**MATERIAL TO PROCESS**
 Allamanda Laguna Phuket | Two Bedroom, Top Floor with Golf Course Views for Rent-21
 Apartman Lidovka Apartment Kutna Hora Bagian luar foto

* * *

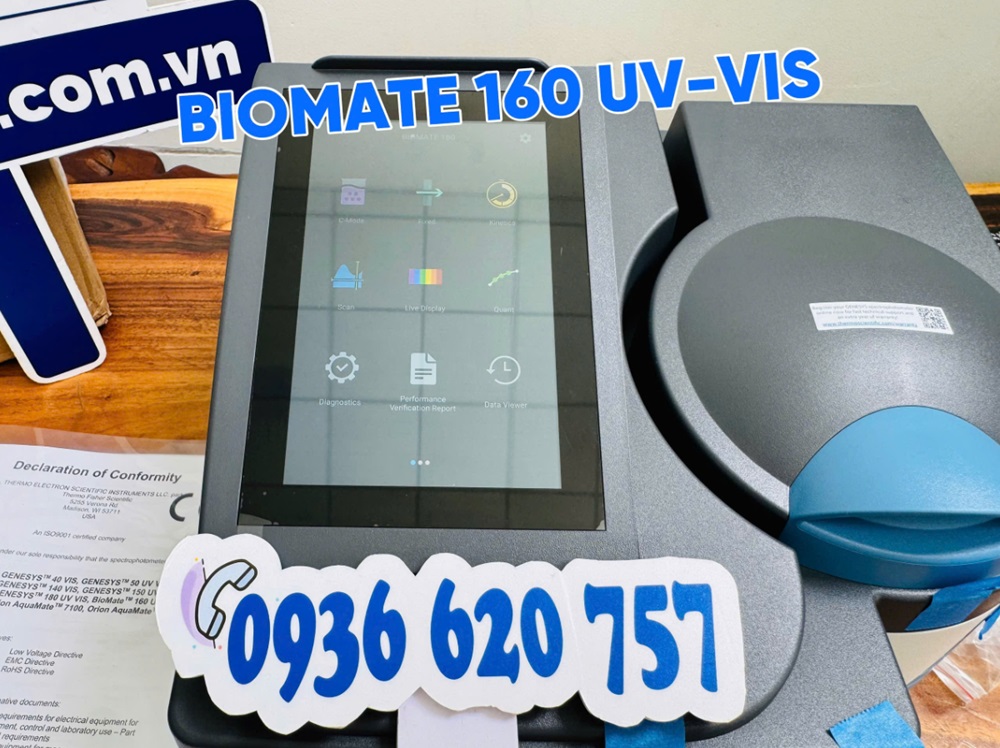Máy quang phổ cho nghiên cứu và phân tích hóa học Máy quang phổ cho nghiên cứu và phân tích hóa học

**WHAT THE EXERCISE ASKS**
Leave out every line above except those from the line with "Allamanda Laguna Phuket" up to and including the line with "Apartman Lidovka Apartment", and copy those exactly.

**RESULT FOR THIS TASK**
 Allamanda Laguna Phuket | Two Bedroom, Top Floor with Golf Course Views for Rent-21
 Apartman Lidovka Apartment Kutna Hora Bagian luar foto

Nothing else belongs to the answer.